The overthrow of the Canadian superannuation act was accomplished, however, on other grounds than the complaint brought by the civil employees. The contribution rates being inadequate to pay for the benefits allowed, the deficit had to be made up by the Government, and to this extent the contributory scheme under the act of 1870 was simply a civil pension. As already explained on page 45, it became the prey of political parties, advantage being freely taken by partisan leaders of those clauses in the act which allowed the removal of employees from the service on "abolition terms" and the addition of years to the period of their service when calculating the amount of superannuation allowance due them. The result of these abuses was that the superannuation system became a great expense to the country. The question became a political issue and undoubtedly contributed to the defeat of the Conservative party in the elections of 1896. The Liberal party came into power then pledged to effect a reform, and in fulfillment of its pledge closed the superannuation act of 1870 to all new entrants into the civil service and passed in lieu thereof the retirement act of 1898, which is now in force and has proved quite as unsatisfactory, in a different way, as will be explained later on.

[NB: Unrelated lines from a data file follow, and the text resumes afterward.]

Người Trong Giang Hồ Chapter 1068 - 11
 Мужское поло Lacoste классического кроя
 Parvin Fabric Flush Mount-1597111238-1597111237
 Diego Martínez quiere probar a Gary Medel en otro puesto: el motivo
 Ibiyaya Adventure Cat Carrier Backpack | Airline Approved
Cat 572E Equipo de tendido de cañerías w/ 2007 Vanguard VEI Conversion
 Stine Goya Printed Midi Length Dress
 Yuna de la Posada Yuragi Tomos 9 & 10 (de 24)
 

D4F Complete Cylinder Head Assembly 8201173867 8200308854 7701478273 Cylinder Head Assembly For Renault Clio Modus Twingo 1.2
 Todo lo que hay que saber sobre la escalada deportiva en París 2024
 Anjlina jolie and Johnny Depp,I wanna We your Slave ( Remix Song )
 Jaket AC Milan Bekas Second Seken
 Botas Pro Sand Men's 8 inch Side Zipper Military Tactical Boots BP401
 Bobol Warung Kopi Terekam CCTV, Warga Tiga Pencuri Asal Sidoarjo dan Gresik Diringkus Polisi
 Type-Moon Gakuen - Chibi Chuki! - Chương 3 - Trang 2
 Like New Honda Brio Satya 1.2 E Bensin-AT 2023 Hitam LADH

FLAT-RATE ASSESSMENT PLAN UNSATISFACTORY IN FRANCE.

France has had in operation since 1853 a retirement plan for civil employees, which is based on a flat-rate deduction of 5 per cent from salary, and illustrates the weakness of all such plans. To the pension fund thus created are also added deductions from the salaries of new entrants and deductions from promotion salaries, but even with these additional contributions from the employees, such are the uncertain and incalculable elements of any plan which requires commingling of assets that the public treasury, in 1902, was devoting 80,000,000 francs a year to civil pensions, with every prospect that unless there were modifications in the law the amount would finally reach 129,000,000 francs; so that the retirement plan in vogue for civil employees is virtually a civil pension. In addition to this, the plan is unsatisfactory to the beneficiaries themselves because of arbitrary and unjust distinctions made between employees of different ages and classes, there being no fixed relation between the amount which the particular employee contributes and the amount he may receive from the fund.1

1 See "Quelques observations sur les pensions de retraite des fonctionnaires civils et les projets de réforme," by Georges Cahen, in "Revue Politique et Parlementaire," Sept. 10, 1902, p. 497.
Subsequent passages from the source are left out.